[Web page caption snippets]
◆ ◆ ◆ ◆ ◆ ◆ ◆
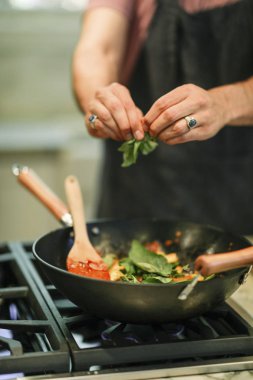 Bir vegan makarna yemek pişirme Şef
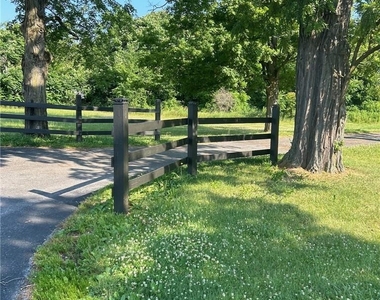 165 S Cross Road - Photo Thumbnail 10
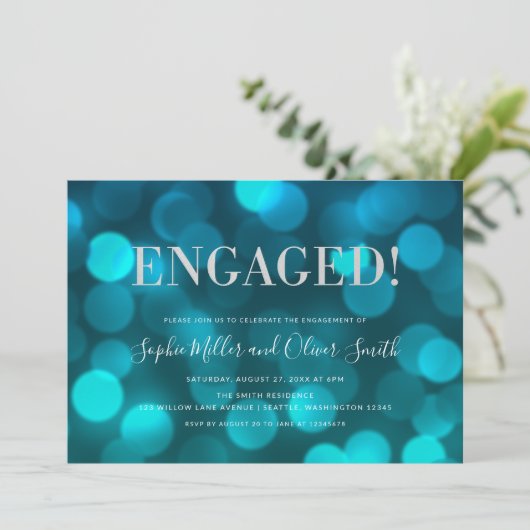 Aqua Blue Bokeh Lights Silver Engagement Party Einladung (Stehend Vorderseite)
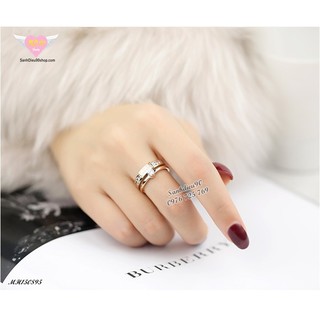 Nhẫn Titan Đính Đá Giữa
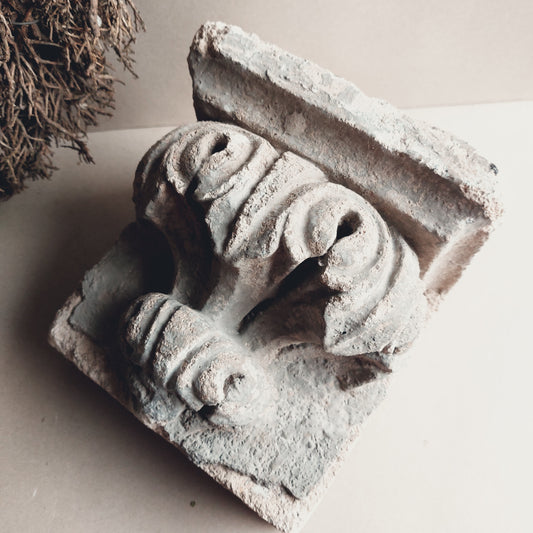 Stenen ornament beton console grijs landelijk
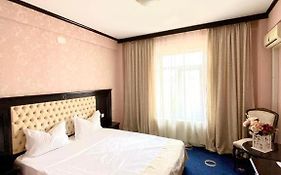 Hotel Ambasador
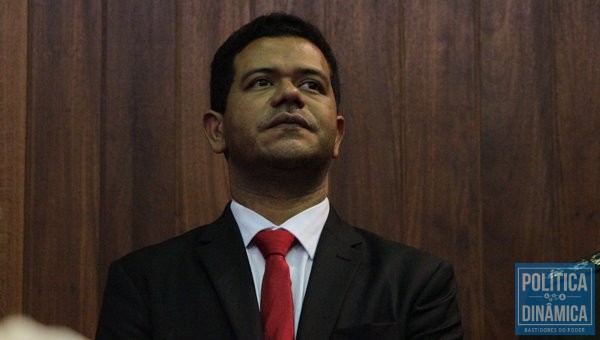 Reportagem não conseguiu resposta da assessoria do prefeito Luciano Leitoa (Foto:TiagoAmaral/PoliticaDinamica.com)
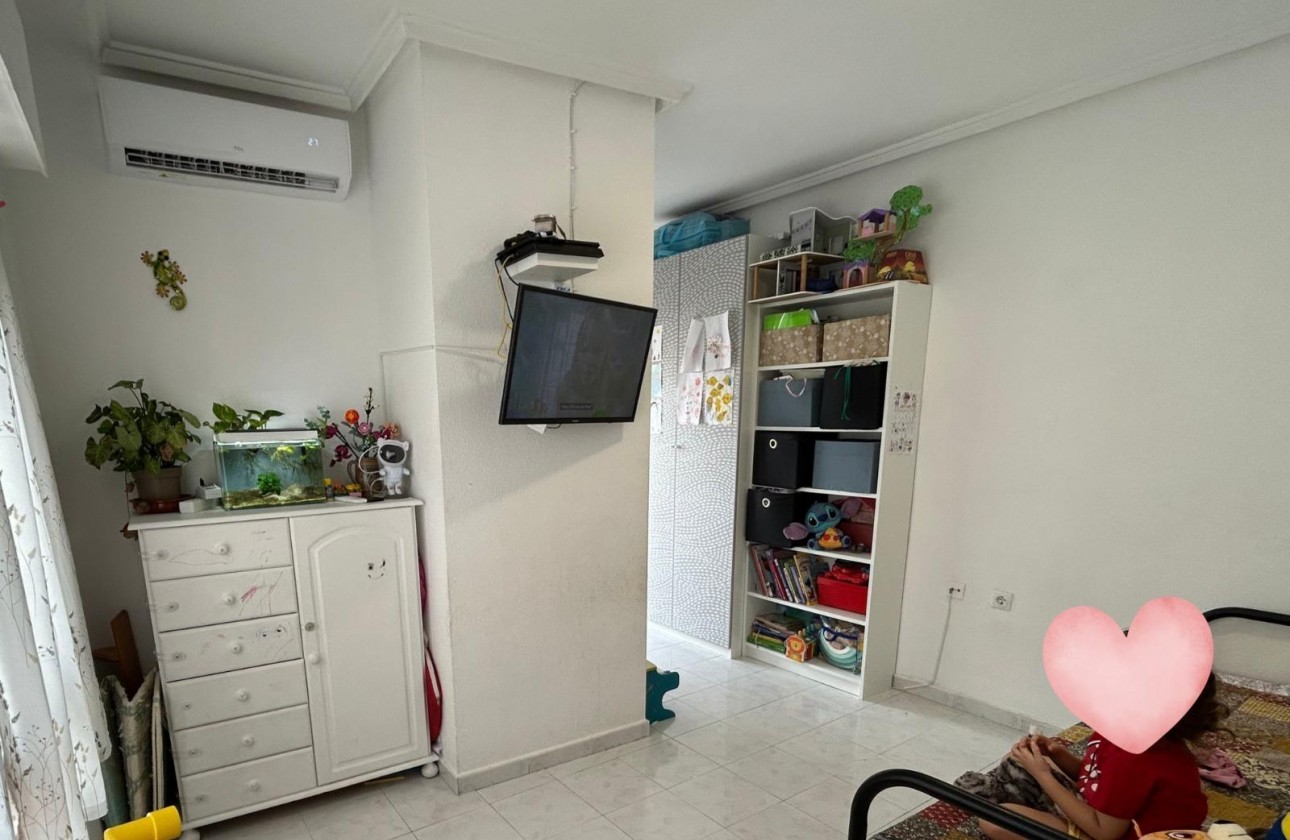 Resale - Apartment / flat - Torrevieja - Centro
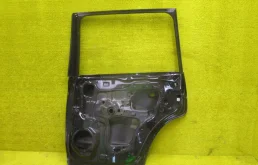 Дверь задняя правая для Toyota Land Cruiser 2019 года на фотографиях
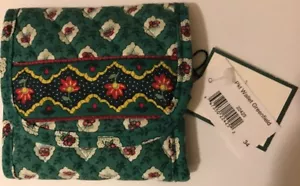 Retired Vera Bradley Greenfield Pocket Wallet - Picture 1 of 5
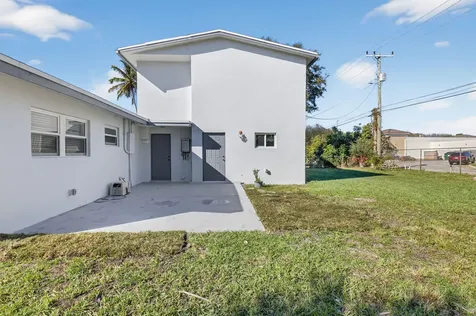 379 Nw 23rd Street Boca Raton FL 33431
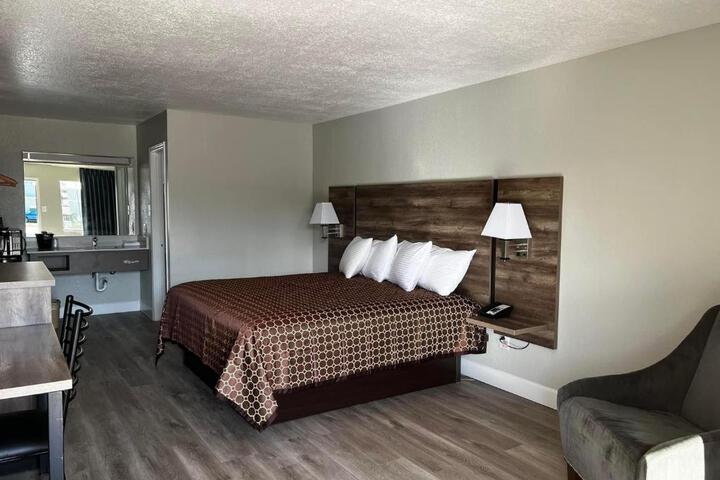 Regency Inn - thumb 6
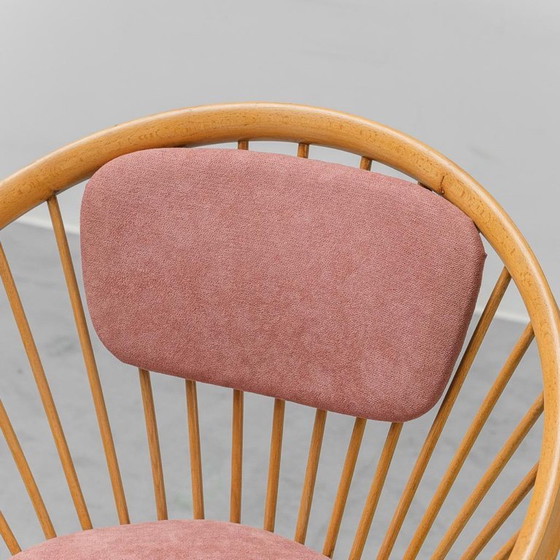 Image 1 of POLTRONA VINTAGE IN LEGNO CURATO CON RIVESTIMENTO ROSA – DESIGN SCANDINAVO DEGLI ANNI '60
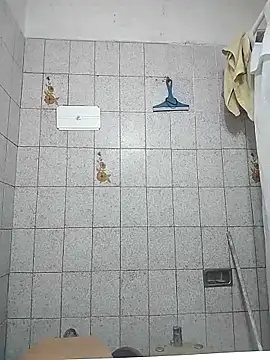 Snapshot of Auroraluna_- chatting on December 19, 2025, 1:20 am Auroraluna - online show from December 19, 2025, 1:20 am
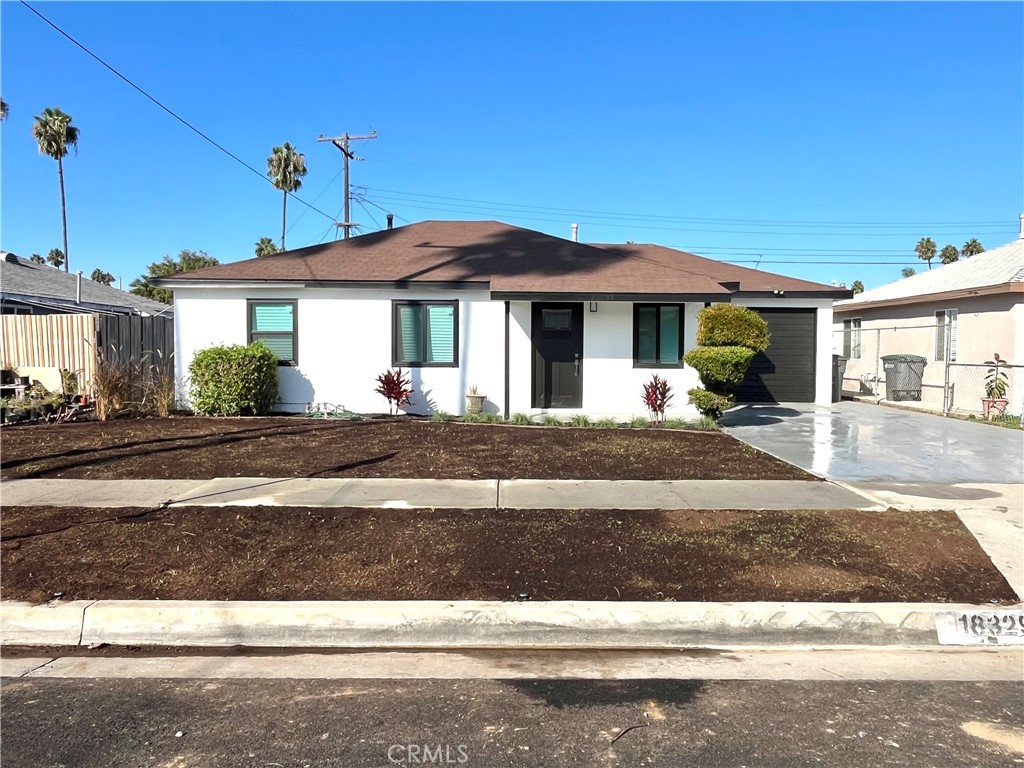 Welcome to this stunning fully remodeled 3-bedroom, 1-bath home in the heart of Carson. Every detail has been thoughtfully updated with modern finishes, designer accents, and a bright, open layout perfect for today’s lifestyle.
Step inside to a spacious living area with new vinyl plank flooring and abundant natural light. The open-concept design flows seamlessly into the brand-new kitchen, featuring marble countertops, custom cabinetry, and a striking jade green subway tile backsplash. With elegant fixtures and thoughtful design, this kitchen blends style and functionality for everyday living and entertaining.
All three bedrooms are comfortably sized, offering ample light and storage. The remodeled bathroom mirrors the home’s elegant design with matching jade green tile, a new vanity, and updated fixtures.
The private backyard is ready for outdoor gatherings, gardening, or relaxing weekends. Fresh exterior paint and modern touches enhance the home’s curb appeal, making it as beautiful outside as it is within.
Ideally located near shopping, parks, schools, and major freeways including the 110, 405, and 91, this home offers both convenience and comfort. Additional updates include new lighting, windows, and refreshed electrical and plumbing systems — ensuring move-in-ready peace of mind.
Perfect for first-time buyers or anyone seeking a stylish, turnkey home, this Carson gem combines modern design with everyday practicality.
Don’t miss your chance to make it yours —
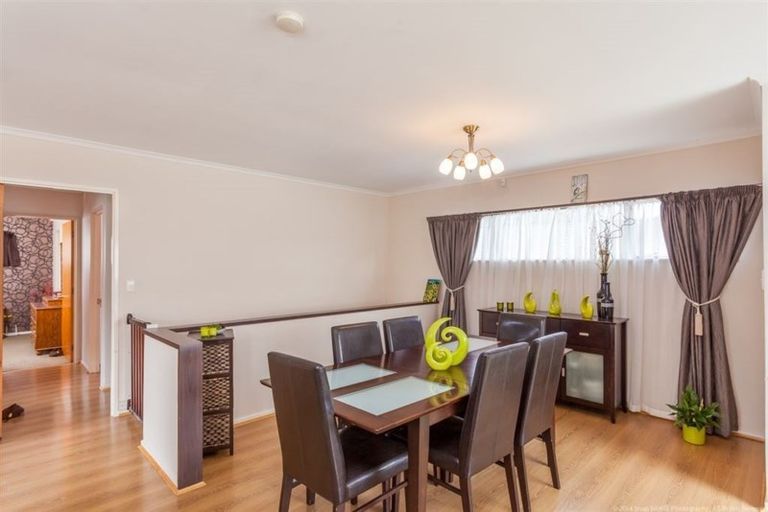 Photo of property in 1/15 Newington Road, Henderson, Auckland, 0612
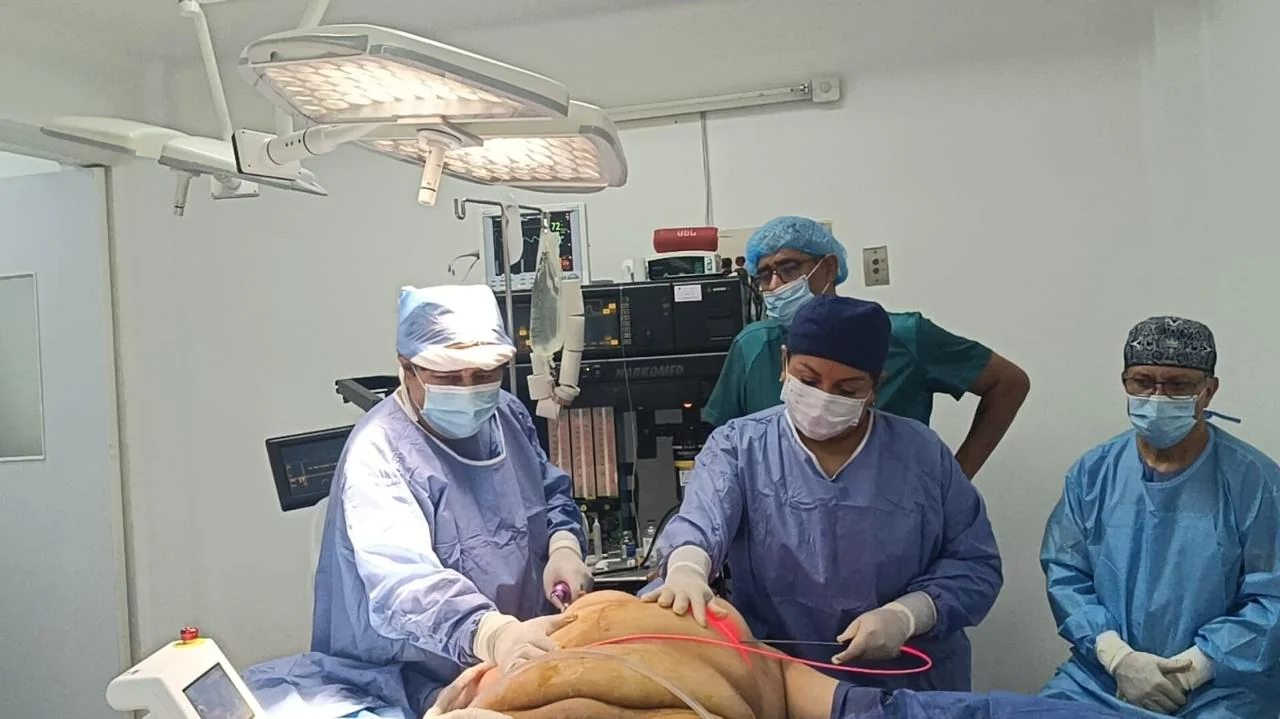 Equipo médico durante capacitación práctica en quirófano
◆ ◆ ◆ ◆ ◆ ◆ ◆
** Work task **
Please retype the records above exactly, leaving every image out.

** Solution to the problem **
 Bir vegan makarna yemek pişirme Şef
 165 S Cross Road - Photo Thumbnail 10
 Aqua Blue Bokeh Lights Silver Engagement Party Einladung (Stehend Vorderseite)
 Nhẫn Titan Đính Đá Giữa
 Stenen ornament beton console grijs landelijk
 Hotel Ambasador
 Reportagem não conseguiu resposta da assessoria do prefeito Luciano Leitoa (Foto:TiagoAmaral/PoliticaDinamica.com)
 Resale - Apartment / flat - Torrevieja - Centro
 Дверь задняя правая для Toyota Land Cruiser 2019 года на фотографиях
 Retired Vera Bradley Greenfield Pocket Wallet - Picture 1 of 5
 379 Nw 23rd Street Boca Raton FL 33431
 Regency Inn - thumb 6
 Image 1 of POLTRONA VINTAGE IN LEGNO CURATO CON RIVESTIMENTO ROSA – DESIGN SCANDINAVO DEGLI ANNI '60
 Snapshot of Auroraluna_- chatting on December 19, 2025, 1:20 am Auroraluna - online show from December 19, 2025, 1:20 am
 Welcome to this stunning fully remodeled 3-bedroom, 1-bath home in the heart of Carson. Every detail has been thoughtfully updated with modern finishes, designer accents, and a bright, open layout perfect for today’s lifestyle.
Step inside to a spacious living area with new vinyl plank flooring and abundant natural light. The open-concept design flows seamlessly into the brand-new kitchen, featuring marble countertops, custom cabinetry, and a striking jade green subway tile backsplash. With elegant fixtures and thoughtful design, this kitchen blends style and functionality for everyday living and entertaining.
All three bedrooms are comfortably sized, offering ample light and storage. The remodeled bathroom mirrors the home’s elegant design with matching jade green tile, a new vanity, and updated fixtures.
The private backyard is ready for outdoor gatherings, gardening, or relaxing weekends. Fresh exterior paint and modern touches enhance the home’s curb appeal, making it as beautiful outside as it is within.
Ideally located near shopping, parks, schools, and major freeways including the 110, 405, and 91, this home offers both convenience and comfort. Additional updates include new lighting, windows, and refreshed electrical and plumbing systems — ensuring move-in-ready peace of mind.
Perfect for first-time buyers or anyone seeking a stylish, turnkey home, this Carson gem combines modern design with everyday practicality.
Don’t miss your chance to make it yours —
 Photo of property in 1/15 Newington Road, Henderson, Auckland, 0612
 Equipo médico durante capacitación práctica en quirófano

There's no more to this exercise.